The Scarlet Pimpernel is a 1934 British adventure film directed by Harold Young and starring Leslie Howard, Merle Oberon, and Raymond Massey. Based on the 1905 play by Baroness Orczy and Montagu Barstow and the classic 1905 adventure novel by Orczy, the film is about an eighteenth-century English aristocrat (Howard) who leads a double life, passing himself off as an effete aristocrat while engaged in a secret effort to rescue French nobles from Robespierre's Reign of Terror. The film was produced by Alexander Korda. Howard's portrayal of the title character is often considered the definitive portrayal of the role. In 1941, he played a similar role in "'Pimpernel' Smith" but this time set in pre-WWII Germany.

Plot

In 1792, shortly before the Reign of Terror, vengeful French mobs are outraged when aristocrats are saved from death by a secret society of 20 English noblemen known as the "Band of the Scarlet Pimpernel." The Scarlet Pimpernel, their mysterious leader, is Sir Percy Blakeney, a wealthy English baronet and friend of the Prince of Wales. Sir Percy cultivates the image of a fop to conceal his identity. Not even his wife Marguerite, a former noted French actress, suspects the truth.

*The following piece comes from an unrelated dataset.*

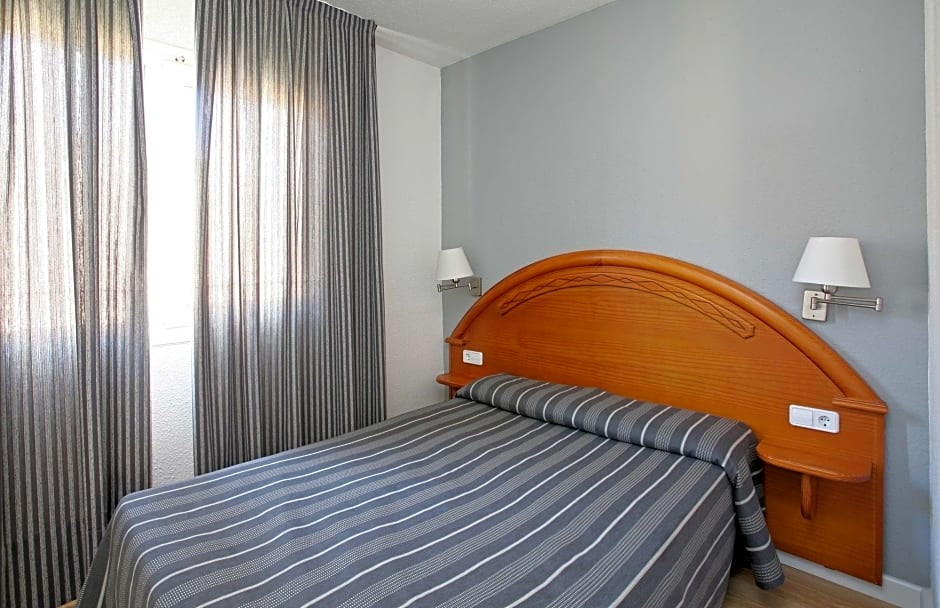 Aparthotel Jardines del Plaza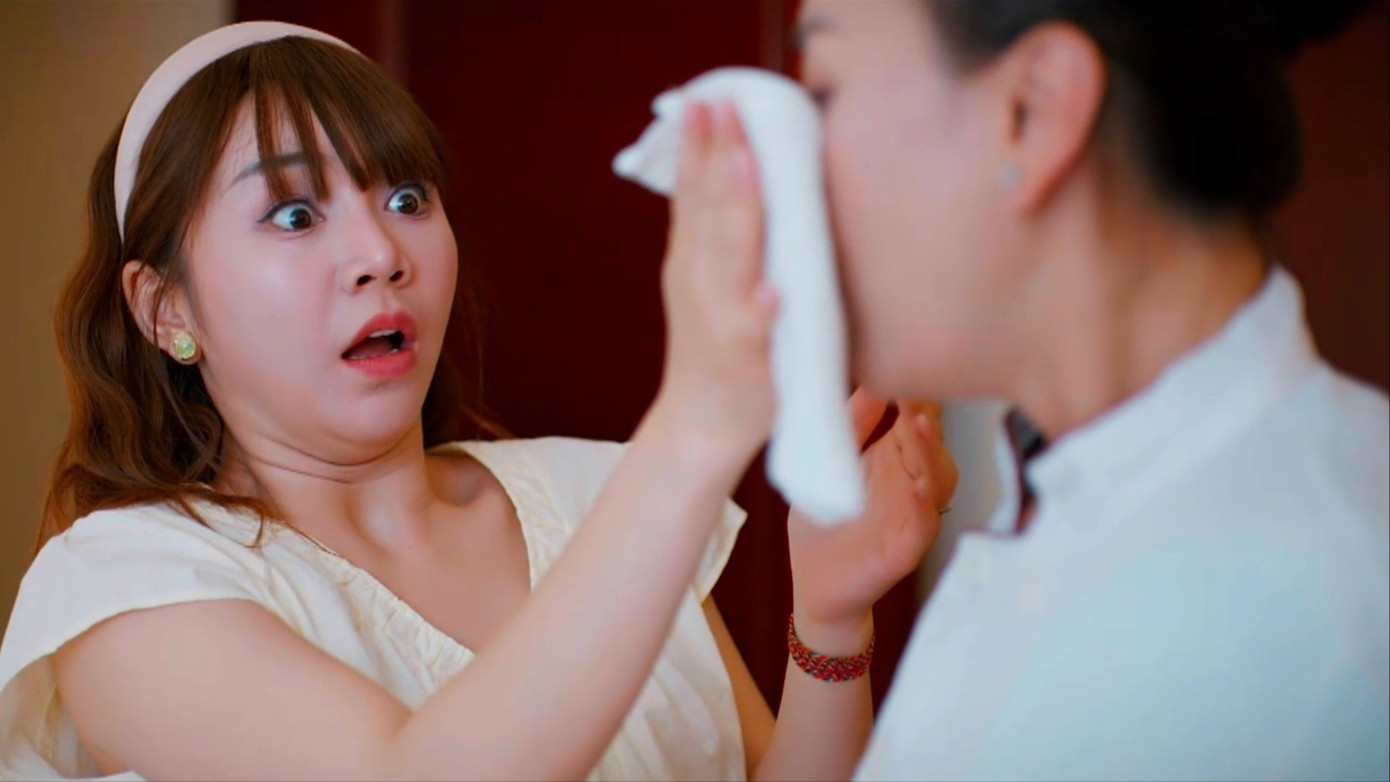 Phim Gió ngang khoảng trời xanh cảnh phục vụ khách sạn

Citizen Chauvelin, the newly appointed French ambassador to England, discovers that Armand St. Just, Marguerite's brother, is one of the Scarlet Pimpernel's agents. Chauvelin orders Armand's arrest and uses the threat of his execution to force Marguerite into helping him discover the identity of the Pimpernel. He has discovered that his quarry will be at a forthcoming ball. At the ball, Marguerite intercepts a message stating that the Pimpernel will be in the library at midnight. She passes the information along to Chauvelin, who goes to the library to find Blakeney, apparently asleep. While waiting, Chauvelin falls asleep; when he wakes up, he finds a message from the Pimpernel mocking him.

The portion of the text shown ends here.